Biological Oxidations

  • Alcohol dehydrogenase: ethanol → acetaldehyde (uses NAD⁺ as oxidant)
  • This is why drinking alcohol increases NADH/NAD⁺ ratio, affecting metabolism

13. Specificity of Oxidizing Agents

Mild vs Strong Oxidation

SubstrateMild OxidationStrong Oxidation
1° alcoholAldehyde (PCC)Carboxylic acid (KMnO₄/K₂Cr₂O₇)
2° alcoholKetoneKetone
3° alcoholNo reactionNo reaction
AldehydeCarboxylic acid
Alkene (C=C)Vicinal diol (cold KMnO₄)Cleavage products (hot KMnO₄/O₃)

14. Industrial Redox Processes

Contact Process (Sulfuric Acid Production)

2SO₂ + O₂ → 2SO₃ (V₂O₅ catalyst) — catalytic oxidation of SO₂

Ostwald Process (Nitric Acid Production)

NH₃ + 2O₂ → HNO₃ + H₂O (Pt/Rh catalyst, high temperature)

Haber-Bosch Process (Ammonia Synthesis)

N₂ + 3H₂ → 2NH₃ (Fe catalyst, high P, high T) — catalytic reduction of N₂

Oxidation of Ethylene to Ethylene Oxide

2CH₂=CH₂ + O₂ → 2(CH₂–CH₂)O (Ag catalyst) — partial oxidation

Oxidation of Ethylene to Acetaldehyde (Wacker Process)

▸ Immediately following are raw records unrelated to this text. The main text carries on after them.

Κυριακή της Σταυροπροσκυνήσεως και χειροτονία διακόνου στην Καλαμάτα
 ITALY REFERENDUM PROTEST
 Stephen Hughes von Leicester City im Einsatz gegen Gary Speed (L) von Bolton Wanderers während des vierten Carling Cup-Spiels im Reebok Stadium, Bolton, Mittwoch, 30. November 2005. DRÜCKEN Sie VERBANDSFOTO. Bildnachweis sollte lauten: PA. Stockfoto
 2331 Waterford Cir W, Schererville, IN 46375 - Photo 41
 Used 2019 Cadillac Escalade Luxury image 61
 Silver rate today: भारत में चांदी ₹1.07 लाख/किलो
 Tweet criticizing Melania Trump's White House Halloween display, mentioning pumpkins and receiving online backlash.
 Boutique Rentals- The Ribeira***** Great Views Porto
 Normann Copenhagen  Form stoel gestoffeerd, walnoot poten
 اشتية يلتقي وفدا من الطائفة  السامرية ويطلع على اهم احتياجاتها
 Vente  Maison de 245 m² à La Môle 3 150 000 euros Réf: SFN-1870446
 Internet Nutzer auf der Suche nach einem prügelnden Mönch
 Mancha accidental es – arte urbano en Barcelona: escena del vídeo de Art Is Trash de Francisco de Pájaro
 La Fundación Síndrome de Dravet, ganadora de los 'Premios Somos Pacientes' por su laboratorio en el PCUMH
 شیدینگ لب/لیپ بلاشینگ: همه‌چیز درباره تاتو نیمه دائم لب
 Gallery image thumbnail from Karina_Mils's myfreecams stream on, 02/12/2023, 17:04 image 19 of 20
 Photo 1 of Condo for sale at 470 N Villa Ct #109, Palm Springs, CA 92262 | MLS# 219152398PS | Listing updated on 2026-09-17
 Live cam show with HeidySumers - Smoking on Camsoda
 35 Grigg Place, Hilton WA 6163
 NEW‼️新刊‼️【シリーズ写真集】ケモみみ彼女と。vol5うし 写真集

CH₂=CH₂ + [O] → CH₃CHO (PdCl₂/CuCl₂ aqueous solution)

Practice Problems

Q1: Calculate the oxidation state of carbon in: (a) CCl₄ (b) CH₃Br (c) CH₃OCH₃ (d) CO (e) C₂H₄

Q2: When but-2-ene is treated with cold dilute KMnO₄, what is the product? Draw its structure. What would hot concentrated KMnO₄ give?

Q3: Describe chemical tests to distinguish between: (a) Propan-1-ol and propan-2-ol (b) Propanal and propanone (c) Ethanol and ethanoic acid (d) Benzoic acid and phenol

Q4: Write equations showing the oxidation of: (a) Propan-1-ol to propanoic acid (b) Cyclohexanol to cyclohexanone (c) 2-methylpropan-1-ol to 2-methylpropanoic acid

Q5: Why does NaBH₄ reduce aldehydes and ketones but not esters or carboxylic acids?

Q6: When 1-methylcyclohexene undergoes oxidative cleavage with hot KMnO₄, what organic products are formed?

Common Mistakes to Avoid

  1. Confusing oxidation and reduction: Oxidation = LEO (Loss of Electrons); Reduction = GER (Gain of Electrons). OR: Oxidation = more bonds to O (or fewer bonds to H); Reduction = fewer bonds to O (or more bonds to H).
  2. Forgetting that Tollens’ and Fehling’s are for aldehydes only: Ketones don’t react (with rare exceptions).
  3. Thinking hot KMnO₄ oxidation of alkenes gives diols: No — hot concentrated gives cleavage products; cold dilute gives diols.
  4. Confusing NaBH₄ and LiAlH₄ capabilities: NaBH₄ is milder and doesn’t reduce carboxylic acids or esters; LiAlH₄ is stronger and does.
  5. Forgetting that oxidation of 1° alcohol to aldehyde is a 6-electron change: 1° alcohol (C=−2) → aldehyde (C=+1) = 3-electron change per carbon; but you need to consider the full half-reaction.